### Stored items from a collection
++++++

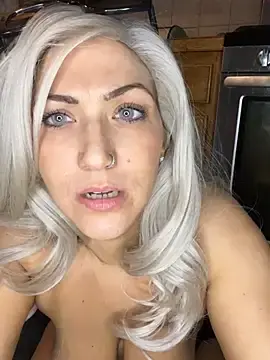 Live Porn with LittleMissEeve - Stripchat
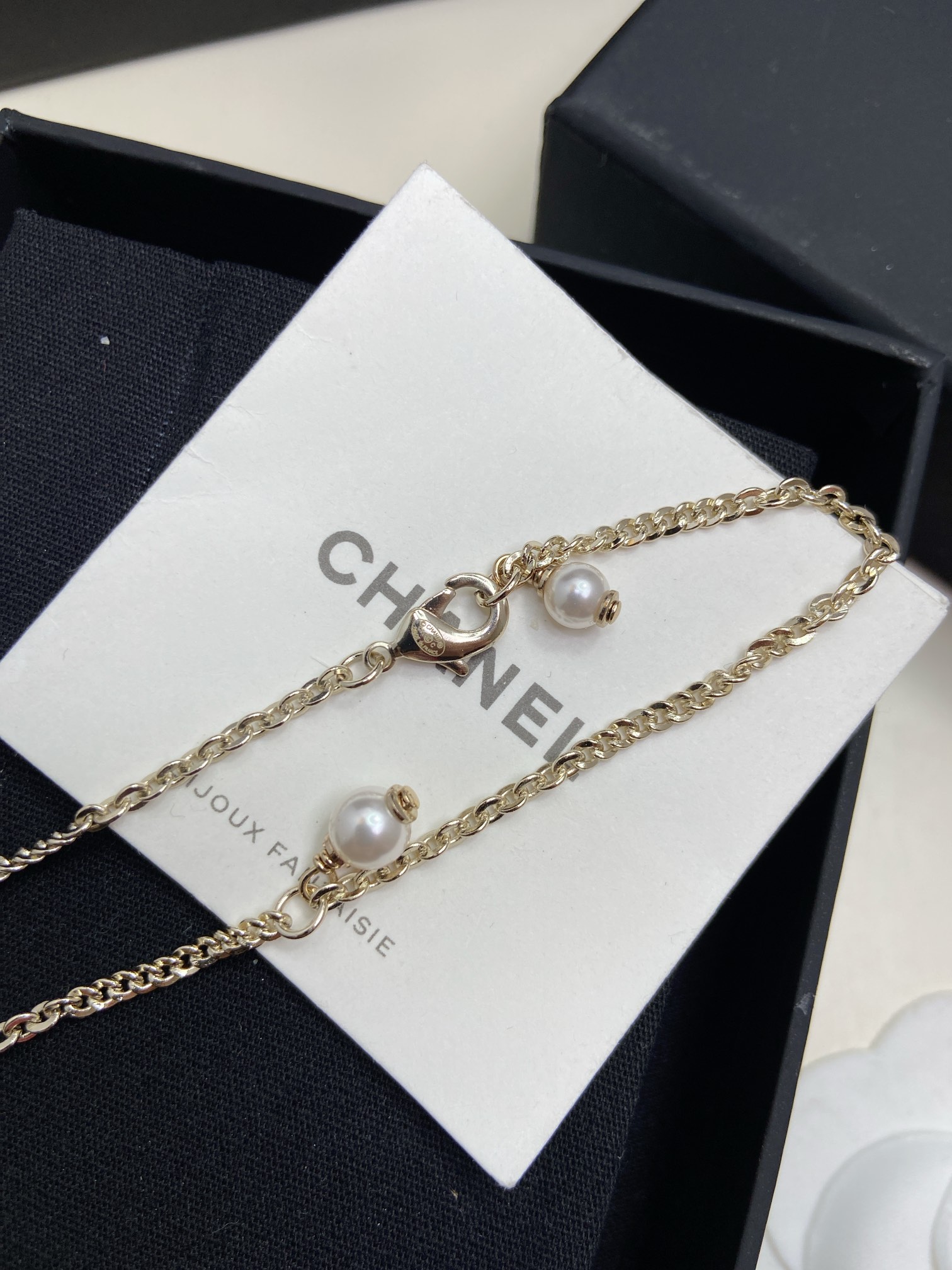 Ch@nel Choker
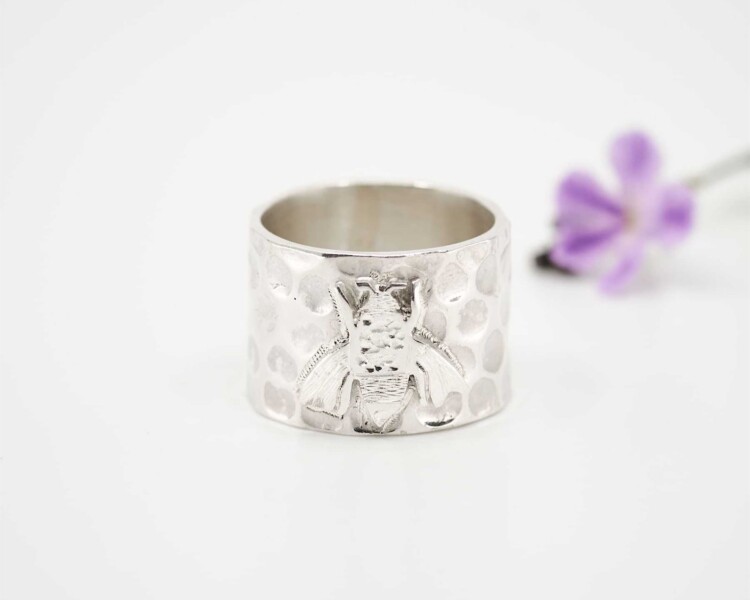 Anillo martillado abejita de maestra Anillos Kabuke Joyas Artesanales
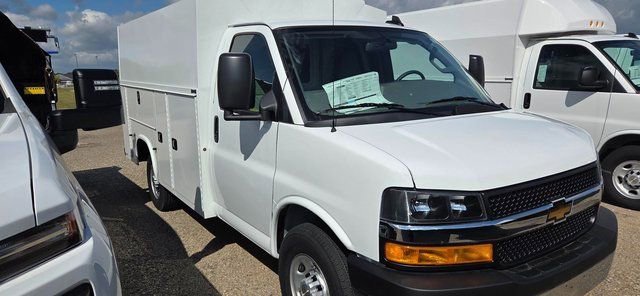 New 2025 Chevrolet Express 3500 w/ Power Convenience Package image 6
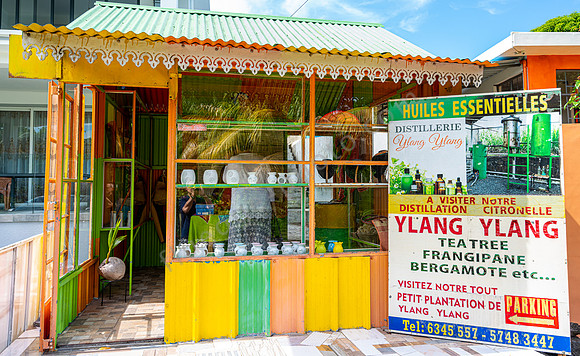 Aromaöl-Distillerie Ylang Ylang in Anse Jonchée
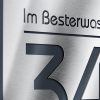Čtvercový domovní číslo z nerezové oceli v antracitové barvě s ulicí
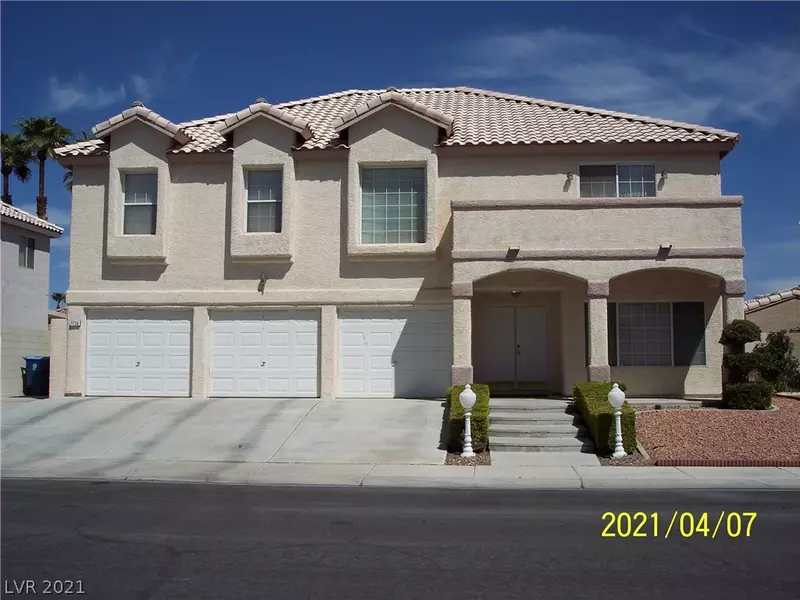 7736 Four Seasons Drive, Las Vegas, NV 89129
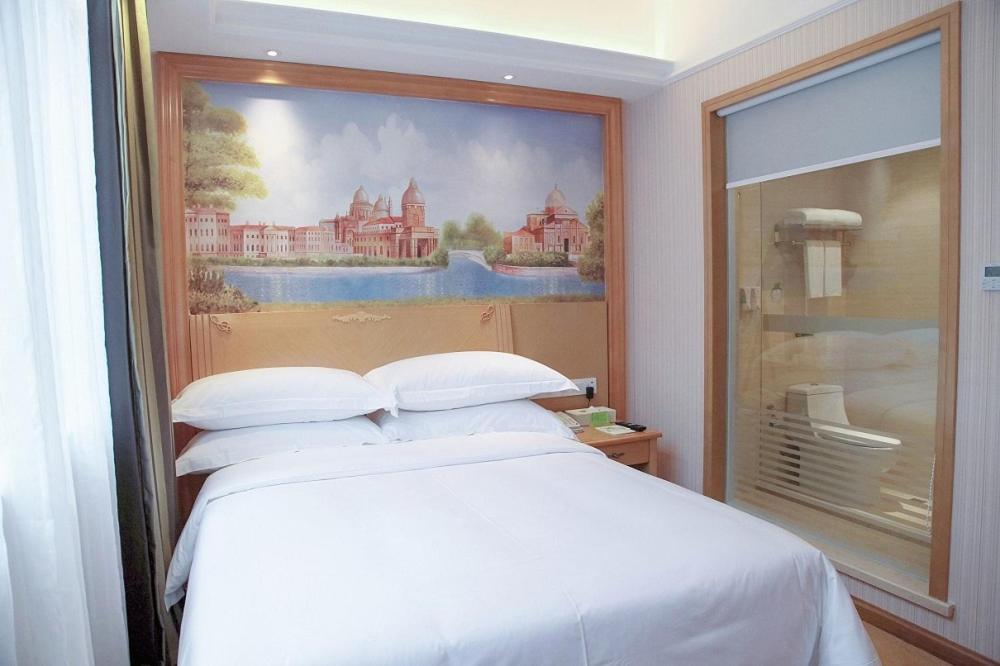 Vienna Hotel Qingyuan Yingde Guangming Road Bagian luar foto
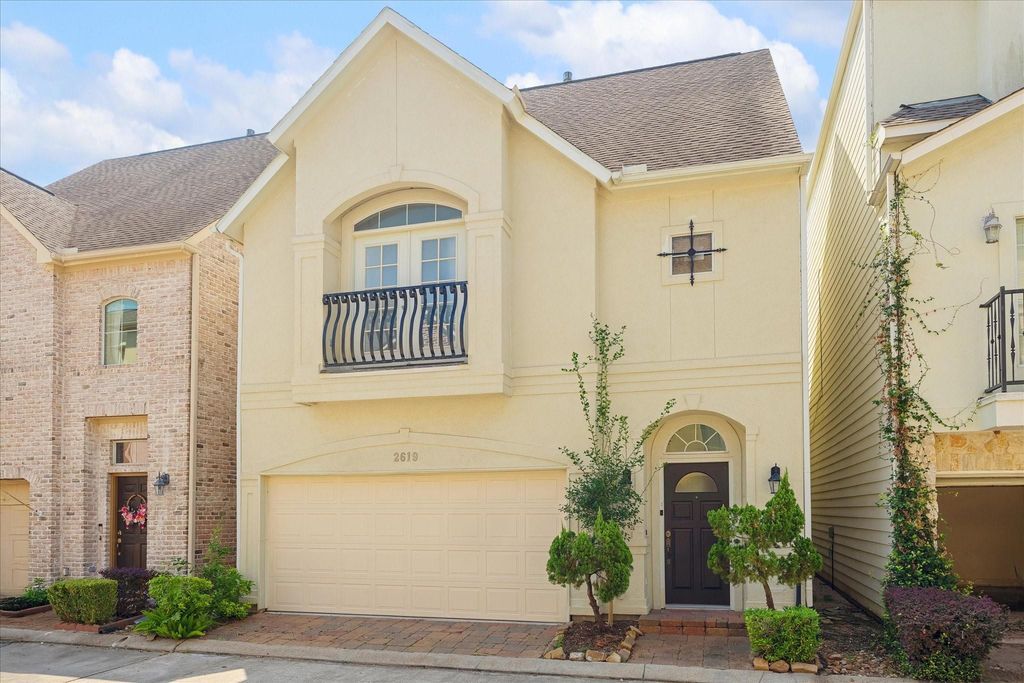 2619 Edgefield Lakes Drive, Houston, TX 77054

++++++

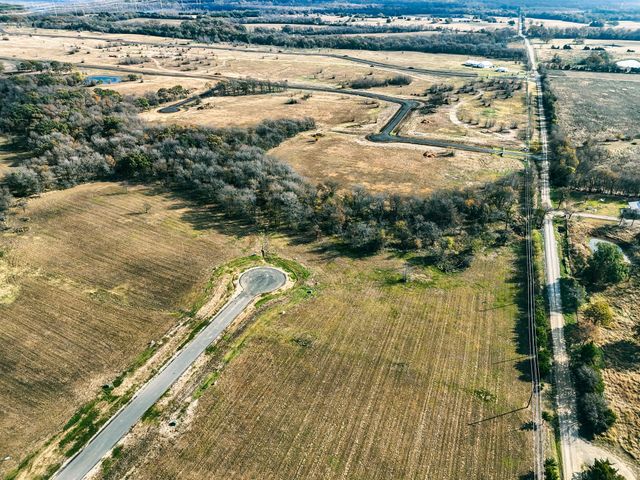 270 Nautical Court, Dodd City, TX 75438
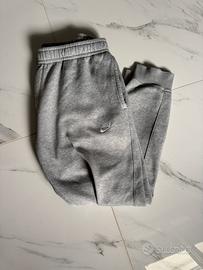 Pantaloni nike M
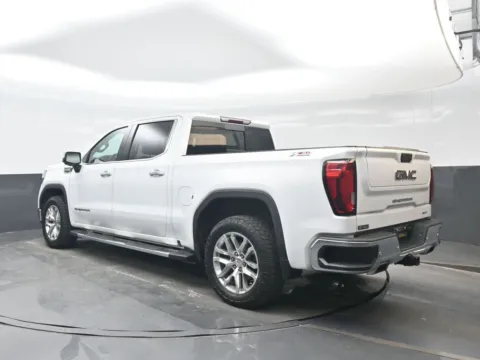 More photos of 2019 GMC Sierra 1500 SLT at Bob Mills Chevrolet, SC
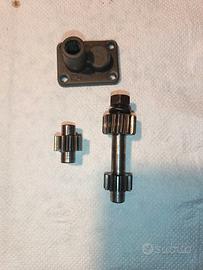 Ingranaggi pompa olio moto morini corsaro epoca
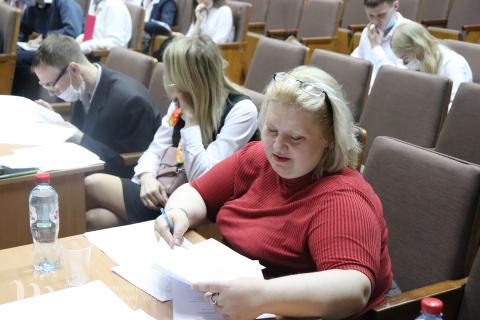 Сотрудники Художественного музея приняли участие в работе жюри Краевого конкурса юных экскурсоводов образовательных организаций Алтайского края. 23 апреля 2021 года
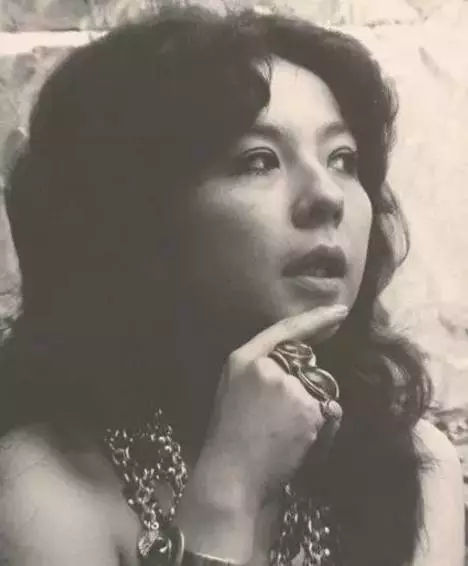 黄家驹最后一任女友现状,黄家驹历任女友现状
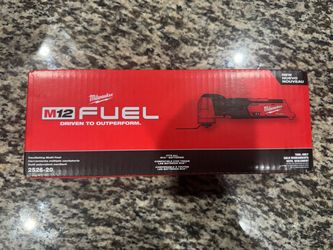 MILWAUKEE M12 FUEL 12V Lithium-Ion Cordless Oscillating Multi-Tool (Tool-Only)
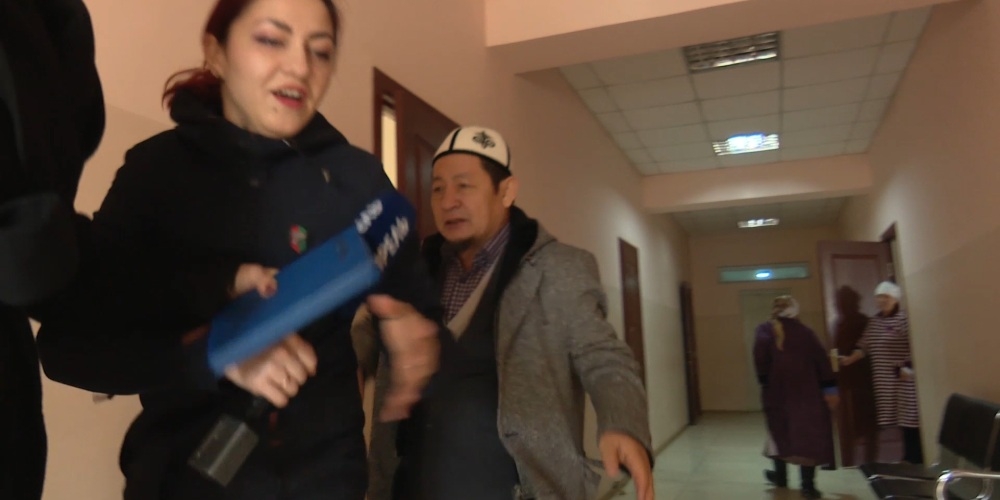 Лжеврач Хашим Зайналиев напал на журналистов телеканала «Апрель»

++++++

### Prompt
When you reach the line with "Aromaöl-Distillerie Ylang Ylang" in the records above, start writing out each line exactly, and stop after the line with "2619 Edgefield Lakes". Pictures stay out.

### Answer to this task
 Aromaöl-Distillerie Ylang Ylang in Anse Jonchée
Čtvercový domovní číslo z nerezové oceli v antracitové barvě s ulicí
 7736 Four Seasons Drive, Las Vegas, NV 89129
 Vienna Hotel Qingyuan Yingde Guangming Road Bagian luar foto
 2619 Edgefield Lakes Drive, Houston, TX 77054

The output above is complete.